───── Data records ─────

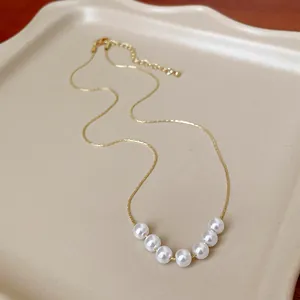 Dettaglio di una collana a catena dorata in stile francese con sette eleganti perle bianche
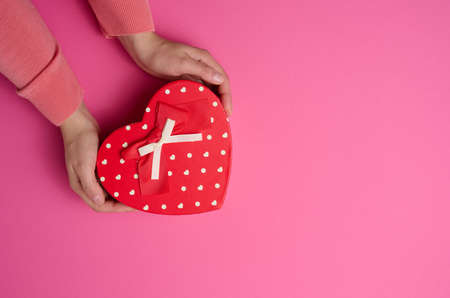 two female hands hold a red heart-shaped box on a pink background. Festive backdrop
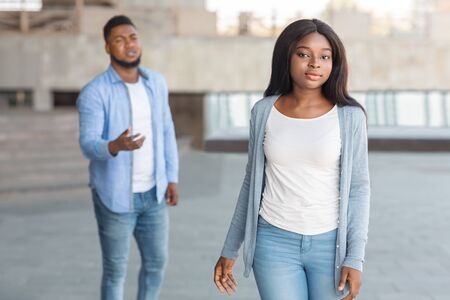 Couple breaking up after arguing outdoors, sad black woman leaving her complaining boyfriend that begging her to stayの写真素材
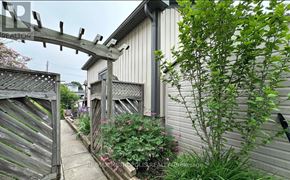 Clarington (Courtice) apartment for rent - A wooden gate leads to a house with a garden.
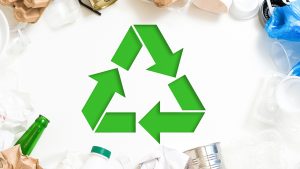 Symbole de recyclage vert sur fond de matières recyclables — tri 5 flux professionnels IDS Environnement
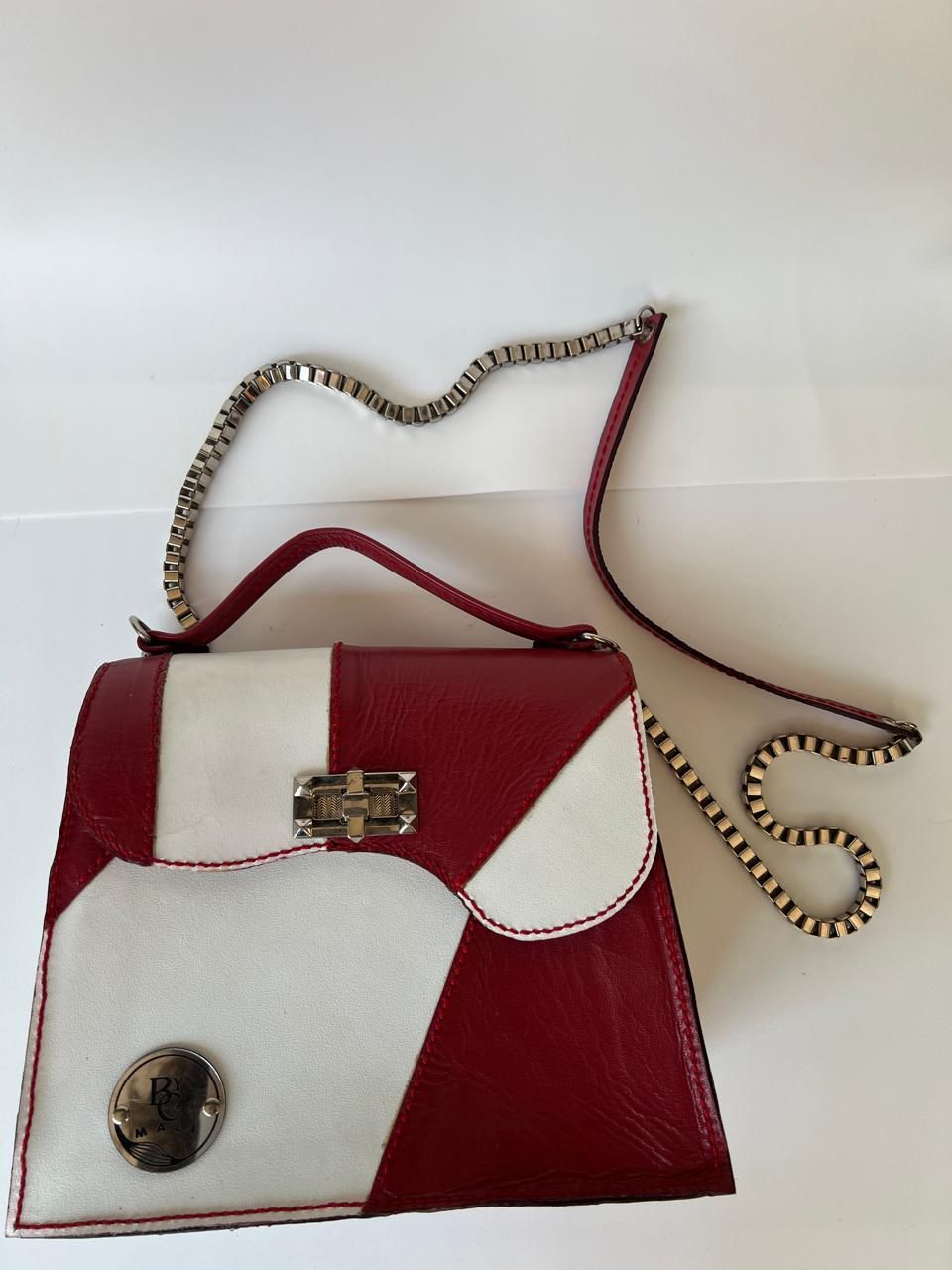 Bolso de mano de patchwork rojo y blanco con asa de cadena.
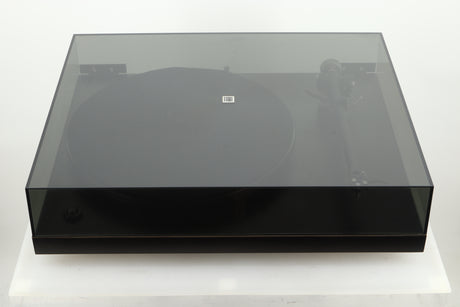 Top view of a used Rega Planar 3 Turntable with lid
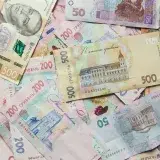 Close-up shot of Ukrainian banknotes featuring various denominations and designs.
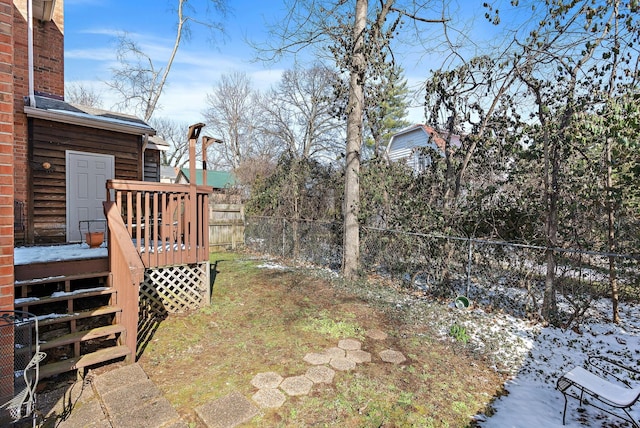 yard layered in snow with stairway, a fenced backyard, and a deck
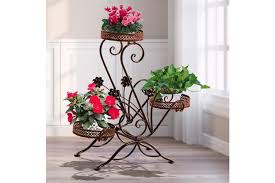 Opt for simple, colorful flowers like orchids or azaleas. Levede Plant Stand Outdoor Indoor Metal Flower Pots Rack Corner Planter Shelf Matt Blatt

─────

From the first line of the records through the line with "Couple breaking up", reproduce each line exactly and leave the pictures out.

 Dettaglio di una collana a catena dorata in stile francese con sette eleganti perle bianche
 two female hands hold a red heart-shaped box on a pink background. Festive backdrop
 Couple breaking up after arguing outdoors, sad black woman leaving her complaining boyfriend that begging her to stayの写真素材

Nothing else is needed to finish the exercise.